BEGIN MATERIAL PROVIDED
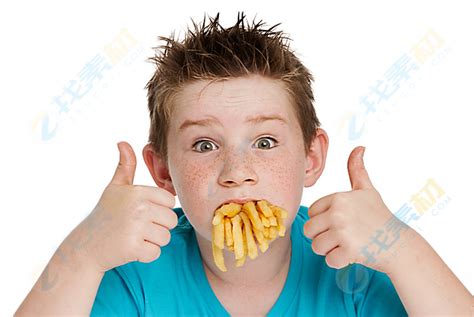 吃薯条男孩背景高清图片下载-找素材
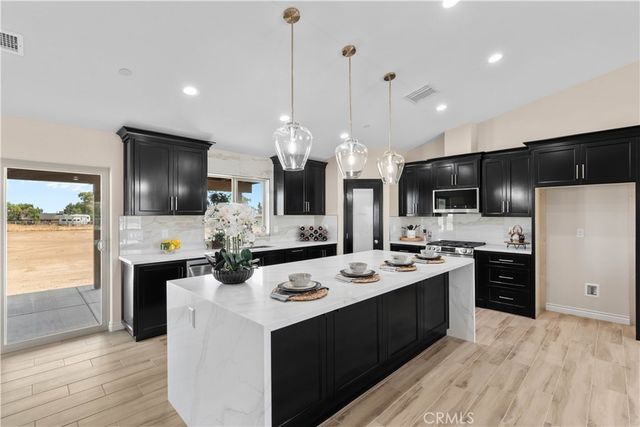 15162 Larch, Hesperia, CA 92345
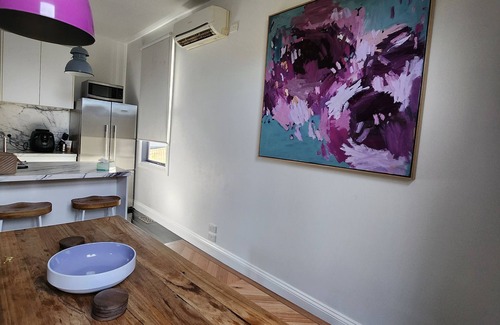 Daylesford Cottage | Jayda- *A split level home with a magical ambience *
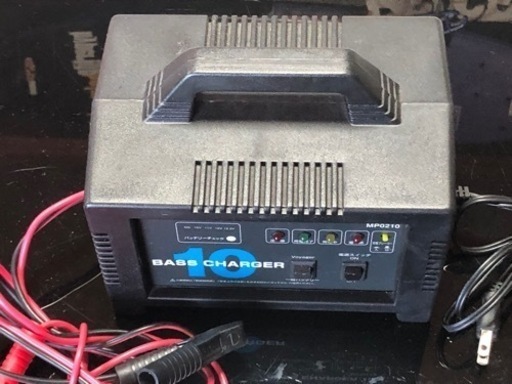 バッテリー充電器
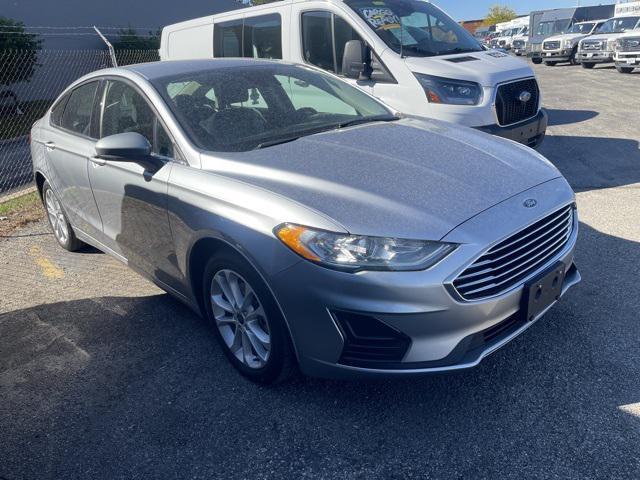2020 ford fusion hybrid se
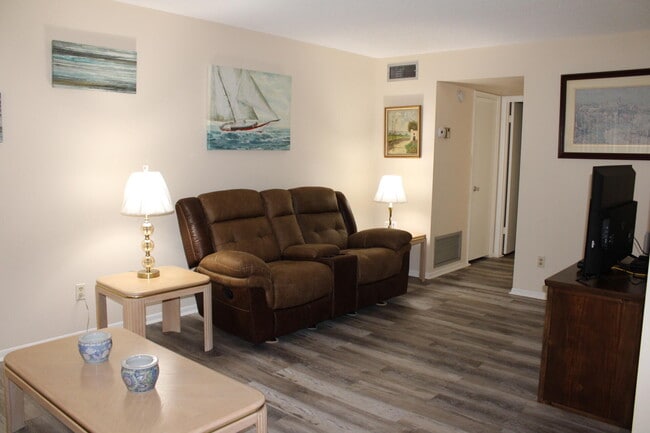 Photo - 16 Vista Palm Ln Unit 105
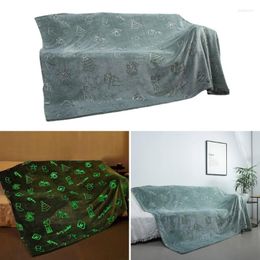 Blankets Christmas Green Glow Blanket Soft And Comfortable Sofa Supplies Household For Library Rest Room Couch Chair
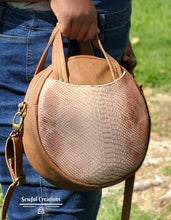 Load image into Gallery viewer, Magdalena Circle Bag PDF Pattern
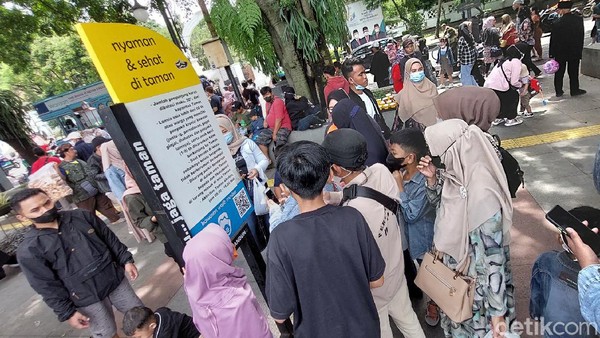Wisatawan pun diminta mengisi formulir secara manual. Tidak menggunakan aplikasi PeduliLindungi (Wisma Putra/detikTravel) Wisatawan pun diminta mengisi formulir secara manual. Tidak menggunakan aplikasi PeduliLindungi (Wisma Putra/detikTravel)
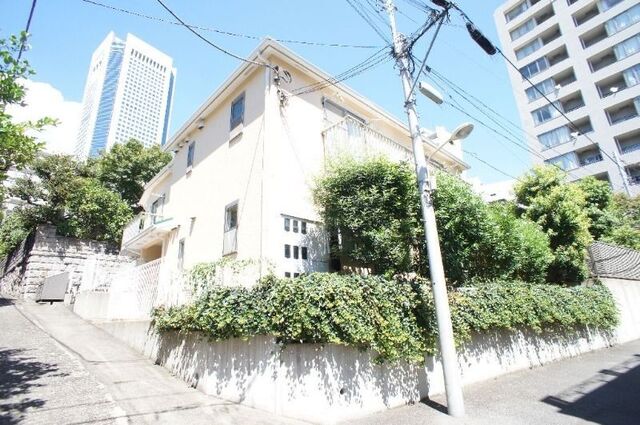 渋谷区初台1丁目の外観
END MATERIAL PROVIDED
_WORK TASK_.
Extract, word for word, each line from the one that contains "(Wisma Putra/detikTravel) Wisatawan" through the final line of the data above. Leave the pictures out.

_RESPONSE TO THE TASK_.
Wisatawan pun diminta mengisi formulir secara manual. Tidak menggunakan aplikasi PeduliLindungi (Wisma Putra/detikTravel) Wisatawan pun diminta mengisi formulir secara manual. Tidak menggunakan aplikasi PeduliLindungi (Wisma Putra/detikTravel)
 渋谷区初台1丁目の外観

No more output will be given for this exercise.